# Provided entries
Content starts
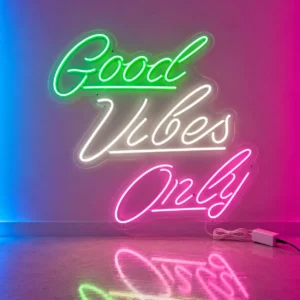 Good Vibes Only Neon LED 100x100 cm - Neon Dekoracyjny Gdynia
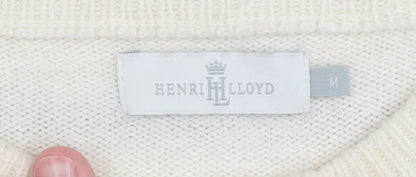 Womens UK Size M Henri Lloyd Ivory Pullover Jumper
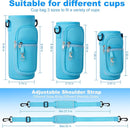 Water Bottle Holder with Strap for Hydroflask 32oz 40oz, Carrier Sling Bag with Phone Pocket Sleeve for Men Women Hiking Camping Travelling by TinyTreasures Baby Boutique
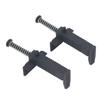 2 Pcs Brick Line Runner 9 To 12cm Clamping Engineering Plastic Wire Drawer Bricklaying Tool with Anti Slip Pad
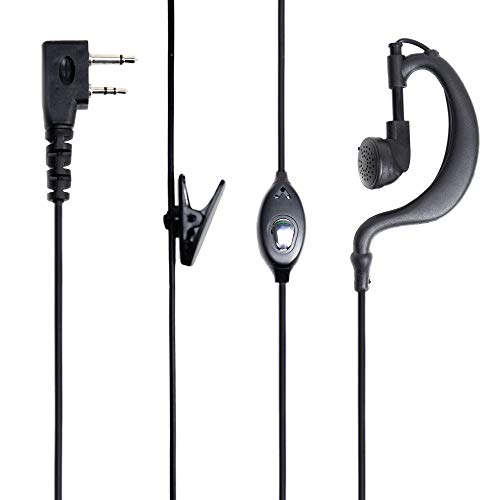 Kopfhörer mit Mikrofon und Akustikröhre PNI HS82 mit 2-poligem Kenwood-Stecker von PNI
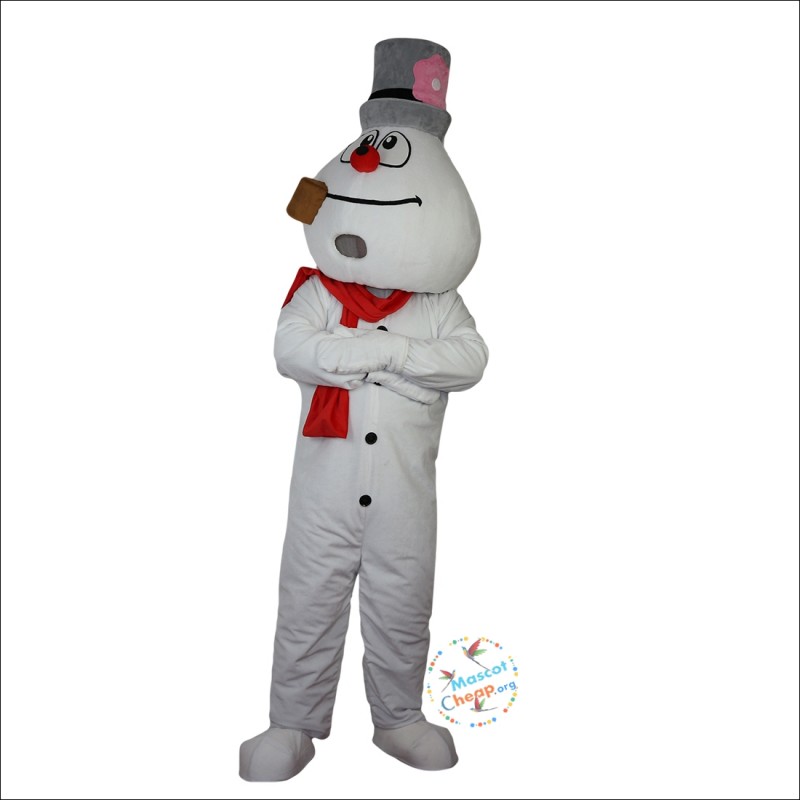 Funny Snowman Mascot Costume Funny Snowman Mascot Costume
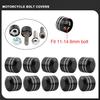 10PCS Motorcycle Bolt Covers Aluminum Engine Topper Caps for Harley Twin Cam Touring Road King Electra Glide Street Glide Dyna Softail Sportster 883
Content ends
Content starts
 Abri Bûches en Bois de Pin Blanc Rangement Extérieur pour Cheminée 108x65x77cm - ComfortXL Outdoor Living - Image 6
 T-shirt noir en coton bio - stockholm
Content ends
# Work request
Pictures excluded, give again exactly and only the lines of the material above from the line with "Womens UK Size" through the line with "10PCS Motorcycle Bolt".

# Task result
 Womens UK Size M Henri Lloyd Ivory Pullover Jumper
 Water Bottle Holder with Strap for Hydroflask 32oz 40oz, Carrier Sling Bag with Phone Pocket Sleeve for Men Women Hiking Camping Travelling by TinyTreasures Baby Boutique
 2 Pcs Brick Line Runner 9 To 12cm Clamping Engineering Plastic Wire Drawer Bricklaying Tool with Anti Slip Pad
 Kopfhörer mit Mikrofon und Akustikröhre PNI HS82 mit 2-poligem Kenwood-Stecker von PNI
 Funny Snowman Mascot Costume Funny Snowman Mascot Costume
 10PCS Motorcycle Bolt Covers Aluminum Engine Topper Caps for Harley Twin Cam Touring Road King Electra Glide Street Glide Dyna Softail Sportster 883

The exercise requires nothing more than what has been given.